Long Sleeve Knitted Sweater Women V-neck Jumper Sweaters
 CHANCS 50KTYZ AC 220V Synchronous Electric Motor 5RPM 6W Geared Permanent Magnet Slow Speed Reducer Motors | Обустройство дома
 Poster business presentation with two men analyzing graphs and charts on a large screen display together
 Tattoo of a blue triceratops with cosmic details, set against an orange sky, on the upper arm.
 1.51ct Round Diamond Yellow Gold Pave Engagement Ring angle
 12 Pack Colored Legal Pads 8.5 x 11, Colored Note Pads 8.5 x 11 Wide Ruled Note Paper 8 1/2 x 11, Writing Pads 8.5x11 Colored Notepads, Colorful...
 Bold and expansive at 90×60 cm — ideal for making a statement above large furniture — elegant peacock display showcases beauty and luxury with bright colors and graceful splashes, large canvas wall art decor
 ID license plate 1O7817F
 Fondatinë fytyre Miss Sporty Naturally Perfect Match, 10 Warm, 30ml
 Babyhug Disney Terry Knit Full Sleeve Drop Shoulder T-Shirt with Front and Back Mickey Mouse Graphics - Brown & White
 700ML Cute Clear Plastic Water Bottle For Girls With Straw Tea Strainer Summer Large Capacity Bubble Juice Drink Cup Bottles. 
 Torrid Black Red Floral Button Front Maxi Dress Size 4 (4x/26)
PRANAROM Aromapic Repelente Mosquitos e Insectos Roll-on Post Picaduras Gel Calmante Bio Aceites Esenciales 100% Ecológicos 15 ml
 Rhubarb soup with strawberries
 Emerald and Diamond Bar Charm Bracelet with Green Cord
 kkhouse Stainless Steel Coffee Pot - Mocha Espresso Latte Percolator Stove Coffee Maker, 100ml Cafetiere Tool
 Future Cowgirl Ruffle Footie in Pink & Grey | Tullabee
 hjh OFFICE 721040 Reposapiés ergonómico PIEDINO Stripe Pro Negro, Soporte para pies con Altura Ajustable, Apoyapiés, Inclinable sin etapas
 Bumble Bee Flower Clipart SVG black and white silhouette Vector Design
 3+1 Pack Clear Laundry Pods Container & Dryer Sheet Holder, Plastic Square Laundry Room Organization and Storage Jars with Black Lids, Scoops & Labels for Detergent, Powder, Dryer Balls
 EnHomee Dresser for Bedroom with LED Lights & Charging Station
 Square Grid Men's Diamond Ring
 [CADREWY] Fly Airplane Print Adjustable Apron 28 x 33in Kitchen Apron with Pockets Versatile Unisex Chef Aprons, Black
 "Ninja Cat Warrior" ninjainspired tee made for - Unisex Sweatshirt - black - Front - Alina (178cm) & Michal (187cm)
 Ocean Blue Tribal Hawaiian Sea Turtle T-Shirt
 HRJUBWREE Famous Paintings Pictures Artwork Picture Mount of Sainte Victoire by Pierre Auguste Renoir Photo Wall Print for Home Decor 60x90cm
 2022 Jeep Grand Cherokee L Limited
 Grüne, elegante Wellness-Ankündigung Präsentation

■ Work order: Task for the records above: copy every line in which the word "Unisex" occurs.

■ Exercise output:
 [CADREWY] Fly Airplane Print Adjustable Apron 28 x 33in Kitchen Apron with Pockets Versatile Unisex Chef Aprons, Black
 "Ninja Cat Warrior" ninjainspired tee made for - Unisex Sweatshirt - black - Front - Alina (178cm) & Michal (187cm)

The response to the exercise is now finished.